Print out all of the records exactly; no picture belongs in the result.

= Beginning of Section =

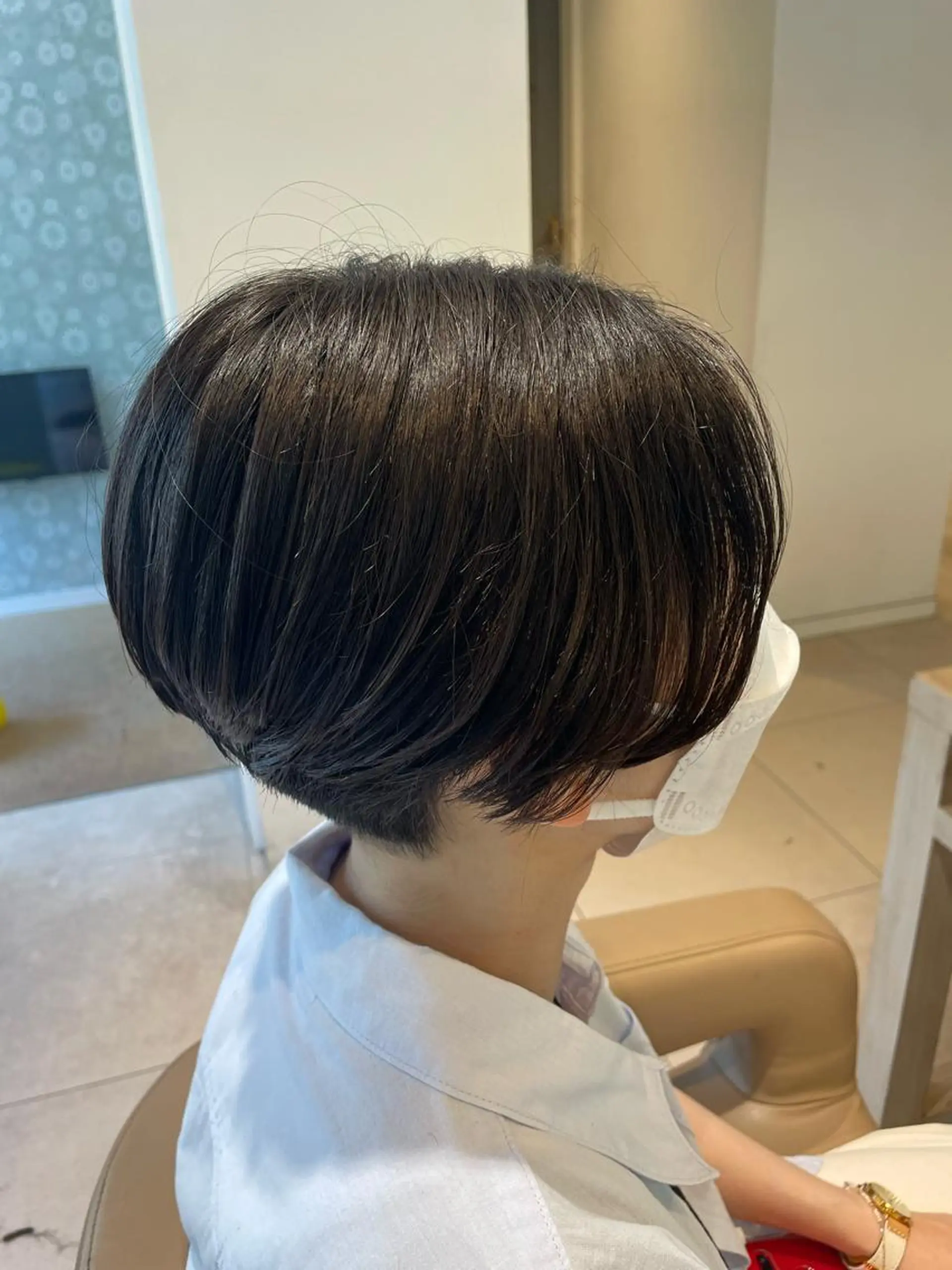 ショート ショートヘア Men’s特化👑 鈴木大翔のヘアスタイル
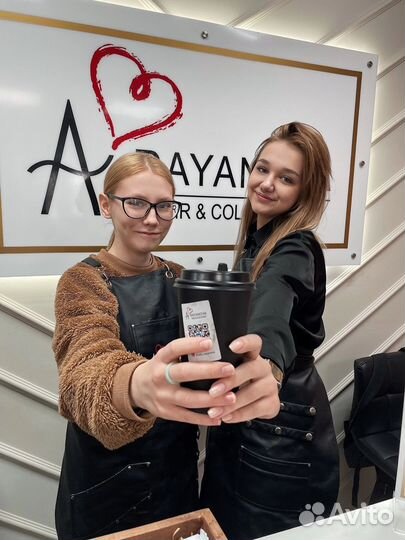 Работа администратор в салоне красоты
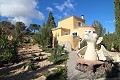 Exceptional 4 Bedroom Villa in Real Estate Alicante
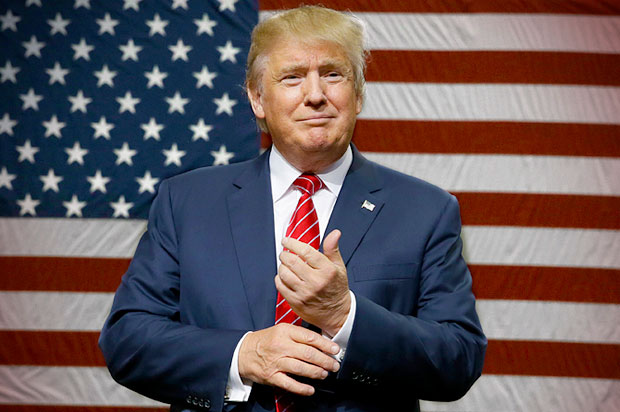 Kết quả bầu cử: Ông Trump trở thành tổng thống Mỹ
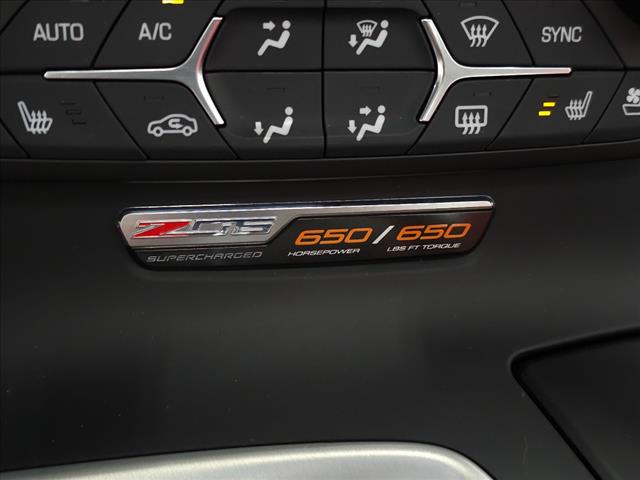 2015 Chevrolet Corvette Z06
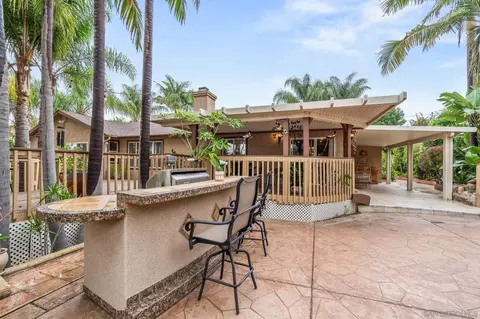Exterior - 1451 Via Lima, Fallbrook, CA 92028 photo 6 of 18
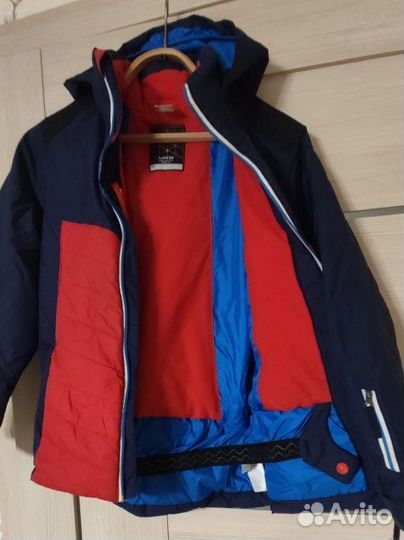 Куртка детская зимняя для мальчика 152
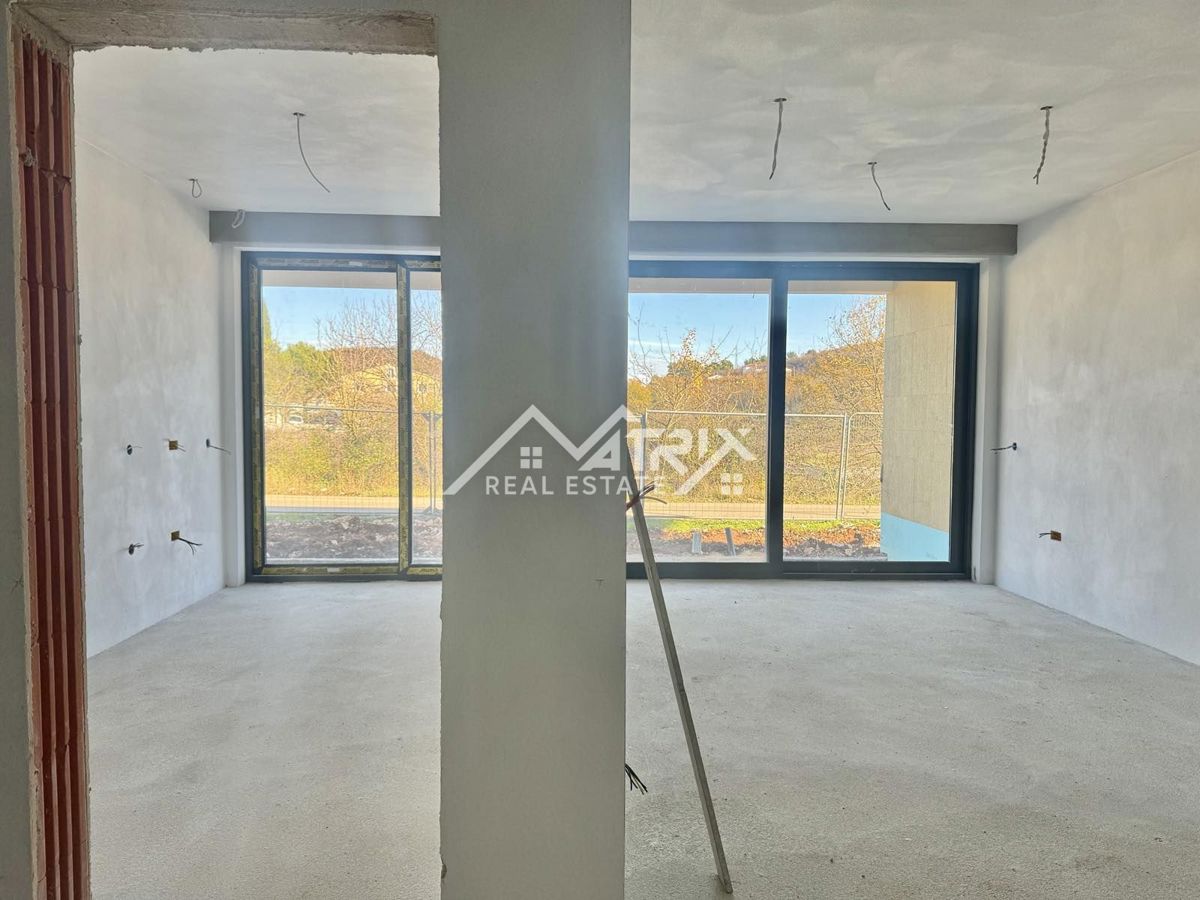 Rovinj okolica, udobno in sončno stanovanje v pritličju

= End of Section =

- _Answer to this exercise_:
 ショート ショートヘア Men’s特化👑 鈴木大翔のヘアスタイル
 Работа администратор в салоне красоты
 Exceptional 4 Bedroom Villa in Real Estate Alicante
 Kết quả bầu cử: Ông Trump trở thành tổng thống Mỹ
 2015 Chevrolet Corvette Z06
Exterior - 1451 Via Lima, Fallbrook, CA 92028 photo 6 of 18
 Куртка детская зимняя для мальчика 152
 Rovinj okolica, udobno in sončno stanovanje v pritličju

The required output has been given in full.